Despite the Economy Minister, Sergio Massa, insisting, after the bad data at the beginning of the year, that an inflation target of 60% for this 2023 is “reachable”, in the market they see too many factors that put pressure on prices and they agree that it will be difficult for the government to arrive in December with inflation below 90%.
“No bad result in a match will take me away from the fight in the league to bring down inflation”Massa noted this weekend in an interview with CNN.
However, consultants and market analysts are not optimistic: they believe that regulated price increases are pending which will put pressure on the entire INDEC official measurement and warn that The two “anchors” that this government has used, the exchange rate and the interest rates, will no longer have the desired effect.
“The difficulty with promising 60% a year inflation is this generates inconsistent behavior, there is no credible pattern and the result could be worse than what would exist in a scenario where the guideline was more realistic,” warned Guido Lorenzo, of the consultancy firm LCG.
The diagnosis seems precise: the January CPI failed to register a large part of the increases expected for this year. Among them appears that of the price of meat, which has risen up to 30% since the second half of January for some cuts. “A significant part of the February price increase will be explained by this concept,” noted a report by consultancy firm GMA Capital.
Within the CPI, the Food and Soft Drinks category has a 25% stake and within this category, meat is the item of the basket that weighs the most, with an incidence of 9%. Although the government came out in the last week with a package of measures to deal with the increase in beef cuts, economists believe that the results of these initiatives will be meager.
“Given the volume of habitual consumption in the country, the consumption pattern of the population and the degree of informality of the main meat outlet (with a smaller share of electronic means of payment), the measures are unlikely to generate a significant impact to mitigate the sharp increase in beef prices that has occurred in recent weeks,” they told Ecolatina.
But this will not be the only obstacle that the Government will have to solve. This month’s regulated price increases will push the index higher: these include 14% for gas and electricity tariffs, 8% for prepaid, 4% for fuel and 10% for the sector of telecommunications.

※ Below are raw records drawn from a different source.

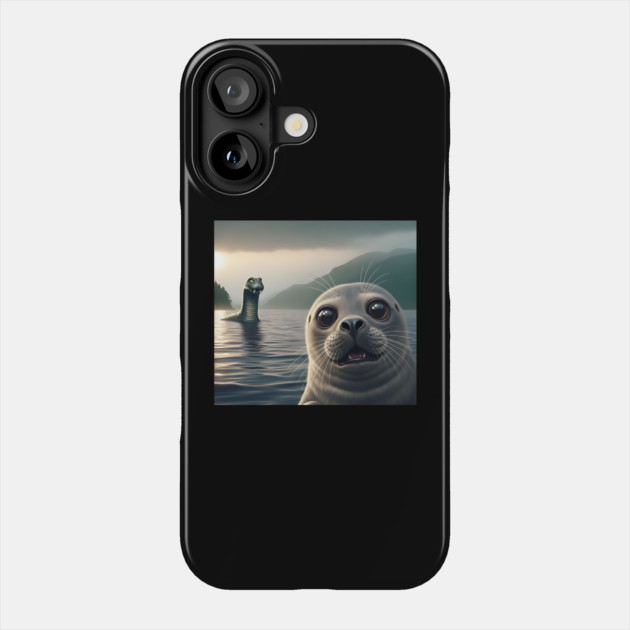 Scared seal near Loch Ness in Scotland takes selfie with Loch Ness Monster Nessie Phone Case by Luxinda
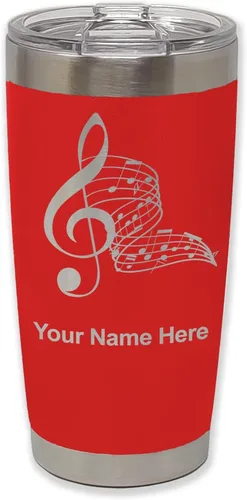 Vista 86 de LaserGram Vaso aislado al vacío de 20 onzas, notas musicales, grabado personalizado incluido (negro)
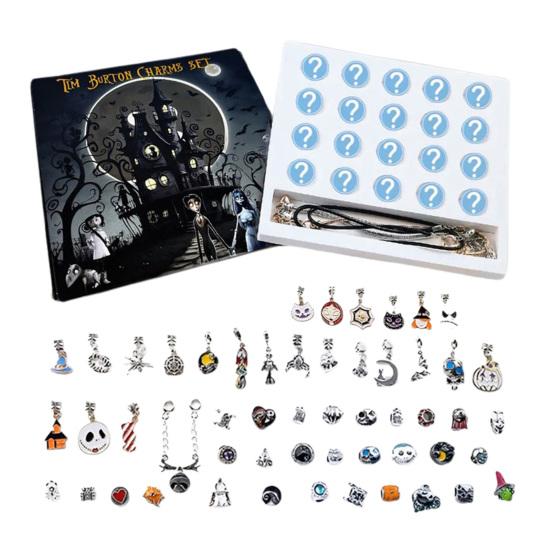 Halloween Schatz Charm Armband Perlen Großpackung Set 2025 Adventskalender 20 Tage Countdown Dekoration DIY Schmuckherstellungsset für Kinder Erwachsene Teenager B von Joom DACH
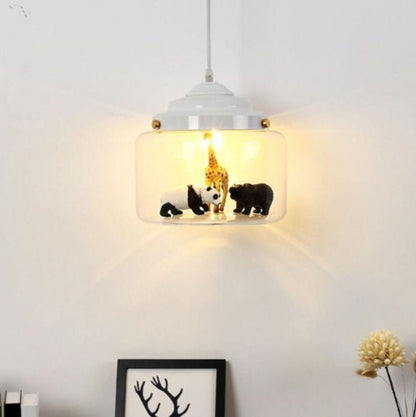 Little Zoo | Závěsná lampa se skleněným stínidlem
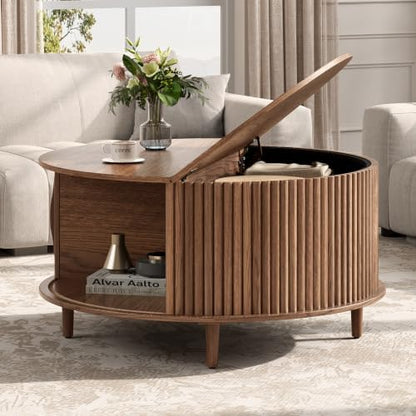 JOINICE 31.5" Round Coffee Table with Storage for Living Room, Walnut | Hidden Storage,Fluted Sliding Door,Mid Century Furniture for Small Apartments,Solid Wood Legs,Easy Assembly,Up to 110 lbs — Walnut_round (10)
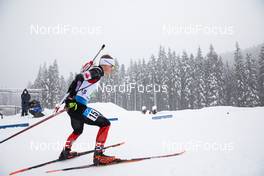 10.02.2021, Pokljuka, Slovenia (SLO): Scott Gow (CAN) - IBU World Championships Biathlon, relay mixed, Pokljuka (SLO). www.nordicfocus.com. © Manzoni/NordicFocus. Every downloaded picture is fee-liable.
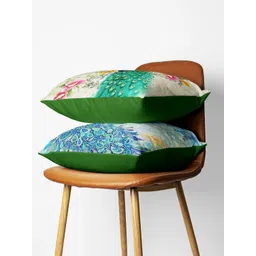 BIANCA Set Of 2 Green & Grey Abstract Printed Square Cushion Cover-picture-13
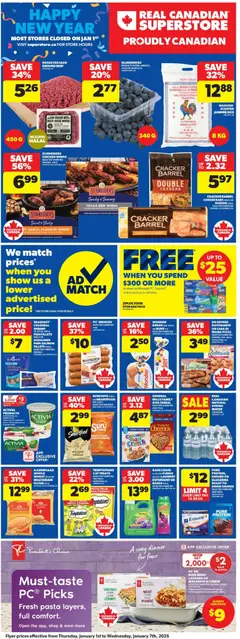 Preview of Real Canadian Superstore weekly flyer / circulaire from shop Real Canadian Superstore valid from 01.01.2026 | Page: 3 | Products: Pasta, PC, Detergent, Bread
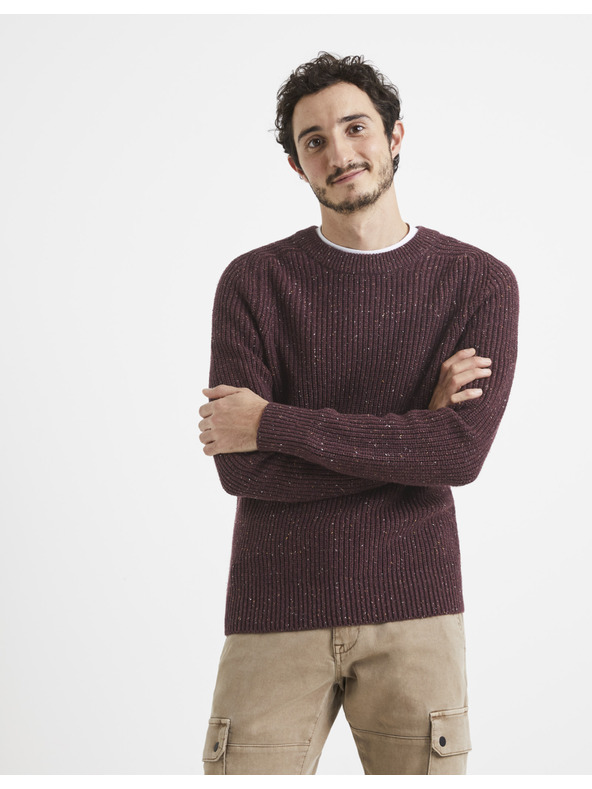 Celio Moški bordo črtast pulover Celio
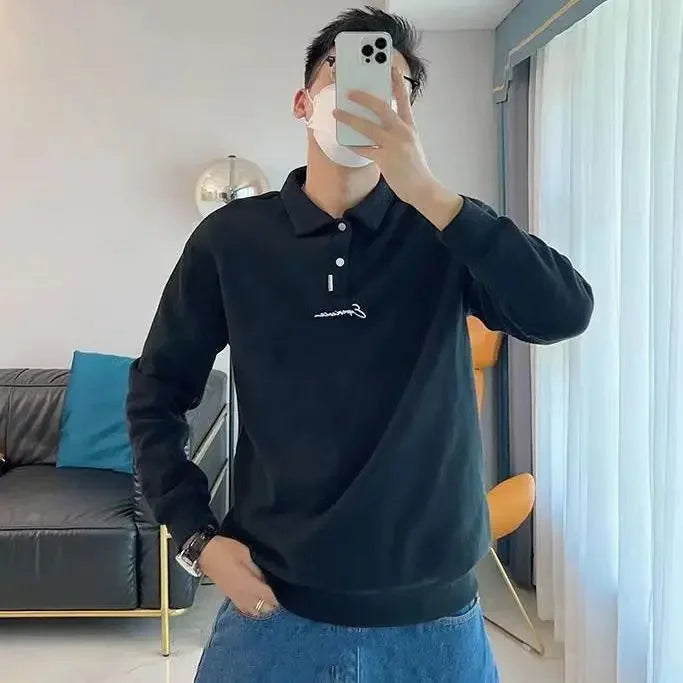 Korean Autumn New Polo T Shirt for Men 100℅ Cotton Pullovers Elasticity Social Xl Cheap Clothes Long Sleeve Xxl Man Sweatshirt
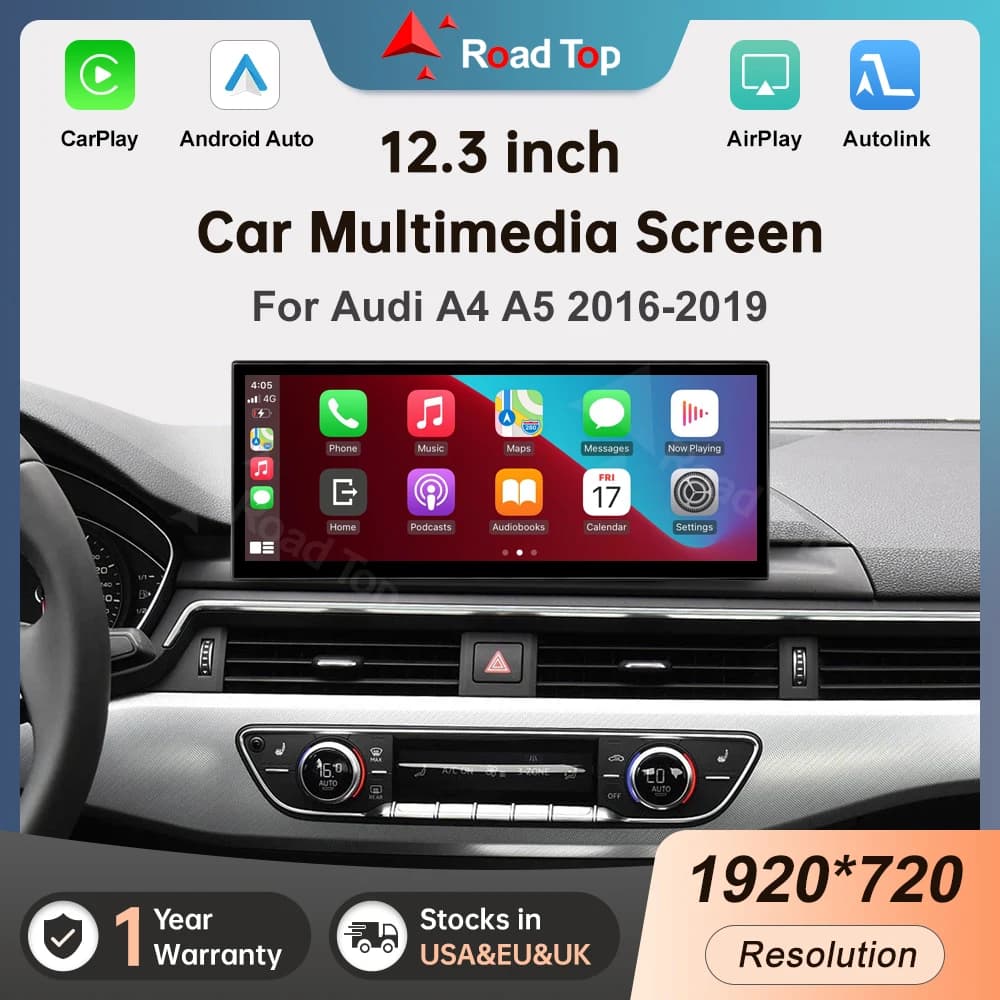 Road Top 12.3" Linux Screen Car Radio Multimedia Display For Audi A4 S4 A5 S5 2014-2019 Wireless CarPlay Android Auto Airplay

All this in an electoral context, where monetary issuance will remain high and the possibilities for a tightening of the central bank’s monetary policy appear limited. Added to this is the depression in the demand for money. “The opportunity cost of owning cash is rising in the face of inflation that appears to show no signs of slowing,” they told GMA Capital.
“Taking the last 20 years as a reference, today the demand for money is close to 14% below that average. Any expansionary shock that ends up with more pesos in the economy will have a much faster impact on the price level.“, they stressed.
The exchange rate front can also put even more pressure on prices. Although in an election year the classic wager of governments is to “trample” the official exchange rate, the increase in prices limits this strategy.
The overall picture shows only challenges: the Central’s net reserves have again reached low levels, the “soybean dollar 2” combination and the drought have reduced foreign exchange earnings from agriculture and savers have already begun to dollarize their portfolios.
“The striking thing (although this adjective is nothing more than a formalism since, in reality, it does not attract our attention) is that Massa doubles the ante with an additional dose of the same measures that took him on this short trip until February. The creativity that the government itself prides itself on could delay an unwanted photo, but not prevent it,” said José Echagüe, of Consultatio.